Now, let t = 0 since the slope is 0 when t = 0.

(v) \( r = \frac{(1)^{3/2}}{2a} = \frac{1}{2a} \)

Therefore, when the radius of the circle is \( \frac{1}{2a} \), the circle’s center will not backtrack.

You can interact with the circle rolling on the parabola in the Geogebra activity below. Increase or decrease the coefficient, a of the parabola, the radius, r, of the circle, or the point, p, on the parabola. When the radius is less than \( \frac{1}{2a} \), the circle will only roll forward and never backward for increasing p.

No Kinks: The Unsolved Problem

The Problem

In the above section, we learned that if a circle with radius \( r \leq \frac{1}{2a} \) rolls down a parabola, the path created by the circle is smooth. If \( r \gt \frac{1}{2a} \), then the path reverses before proceeding forward.

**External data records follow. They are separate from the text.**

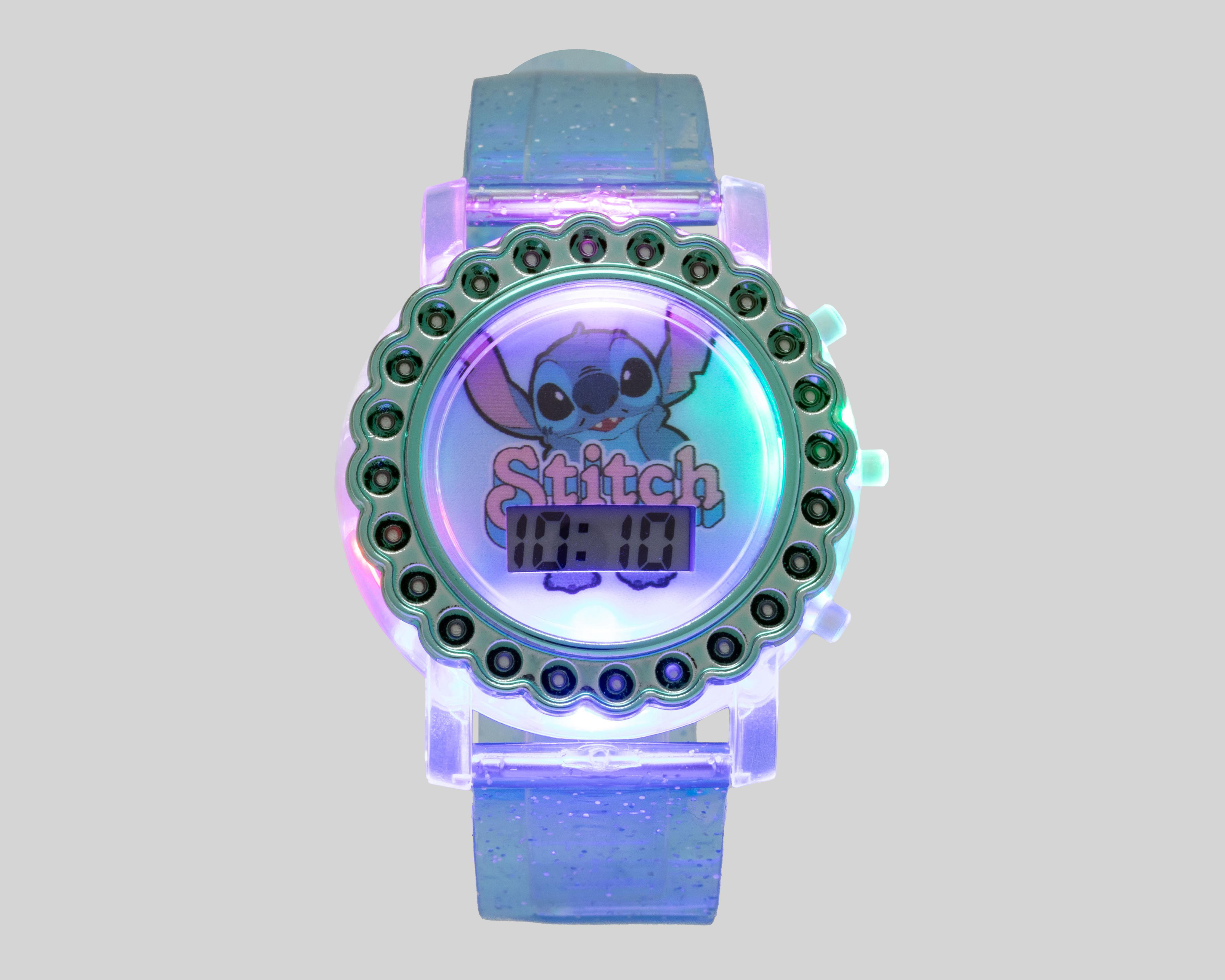 Foto 2 | Reloj Lilo & Stitch para Niña LAS4018RO Azul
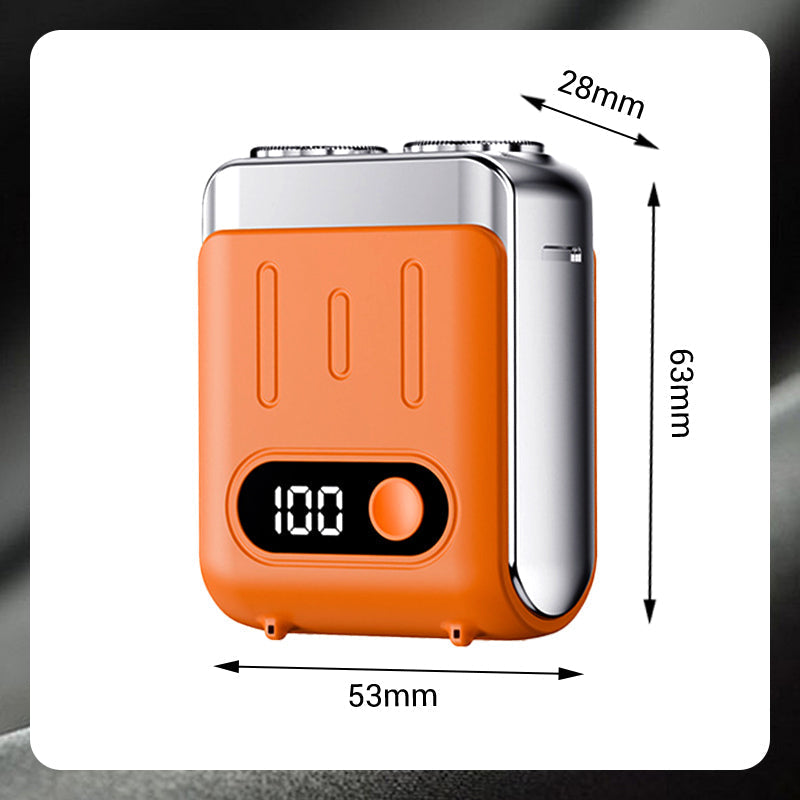 💥Hot Sale 50% Off⏳New Upgrade🔥Men's Portable Mini Rotary Electric Shaver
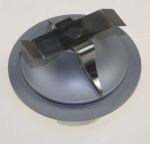 Messerblock für Küchenmaschine DeLonghi KW697748 Metall, Messer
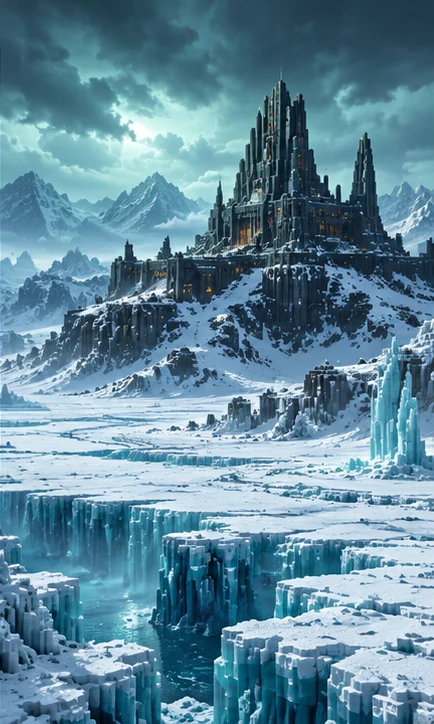 Concept illustration for Sigma Draconis IV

Now, we focus on the parabolic cycloid itself, which has its own criss-crossing. The parabolic cycloid crosses its path if the circle is large. In this image, the parabola is green. The orange path is the cycloid. When the circle rolls down, it crosses the y-axis at X₁. Then, it reaches the relative maximum x-value at M₁. This is the largest x value, so the derivative will be 0 there. Then, it touches the origin at X₂. Then, it reaches its relative minimum x-value at M₂ before crossing itself again at X₃. Both X₁ and X₂ are the same point but have a different t value.

So, here is our problem: What would the radius of the circle have to be to eliminate the crossing at points labeled X₁ and X₂?

Background for the Proof

To solve this, let’s understand how the x-values alone vary as the parameter t varies. We do not need to involve \( y(t) \) in this. Refer to the image above.

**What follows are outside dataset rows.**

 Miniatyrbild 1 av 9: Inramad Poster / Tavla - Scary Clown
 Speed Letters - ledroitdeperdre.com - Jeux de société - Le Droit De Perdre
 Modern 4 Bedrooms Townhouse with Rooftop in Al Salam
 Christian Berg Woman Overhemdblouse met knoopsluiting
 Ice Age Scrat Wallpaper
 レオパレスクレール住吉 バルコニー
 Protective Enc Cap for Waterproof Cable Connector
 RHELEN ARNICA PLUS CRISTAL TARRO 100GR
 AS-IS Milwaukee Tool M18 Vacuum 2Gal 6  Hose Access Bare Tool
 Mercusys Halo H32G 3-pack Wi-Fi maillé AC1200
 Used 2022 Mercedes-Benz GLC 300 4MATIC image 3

The curve in red is the \( x(t) \) curve graphed alone to see how the x-values of the cycloid fluctuate. The maximum of \( x(t) \) at N₁ corresponds to M₁. The minimum of \( x(t) \) at N₂ corresponds to M₂.

The blue curve \( x'(t) \) is the derivative of \( x(t) \). We can see the max and min are the zeros of \( x'(t) \).

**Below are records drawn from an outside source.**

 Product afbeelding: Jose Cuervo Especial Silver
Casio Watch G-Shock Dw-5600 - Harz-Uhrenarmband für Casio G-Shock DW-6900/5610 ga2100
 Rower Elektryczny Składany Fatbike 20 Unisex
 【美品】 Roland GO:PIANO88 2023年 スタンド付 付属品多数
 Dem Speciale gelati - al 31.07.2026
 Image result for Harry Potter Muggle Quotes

If we want to get rid of the kink, the max M₁ and min M₂ have to disappear, meaning the max and min on \( x(t) \) have to be eliminated and the \( x'(t) \) cannot have any zeros. We have to find a and r which will eliminate these.

I have not found the proof but it seems the radius has to be \( r \le \frac{1}{4a} \) or \( ar \le \frac{1}{4} \) to make the kink disappear.

This image shows a circle with radius \( r = \frac{1}{4a} \). The circle’s center path in yellow is smooth and there is no kinking at the origin. The center of the circle will coincide with the focus when it rolls down, and the point on the circle will coincide with the origin. The Geogebra activity below allows you to play with the circle rolling. You can change a, r to see the effects. You can also zoom in to see the crisscrossing, since it is difficult to see that when zoomed out.

The radius is set to a fourth of the parabola coefficient. You can change it and zoom in to view the kinks. Remember that \( r \leq \frac{1}{2a} \) to see a smooth path traced by the circle’s center, and \( r \leq \frac{1}{4a} \) to not see any kinks on the cycloid path near the origin.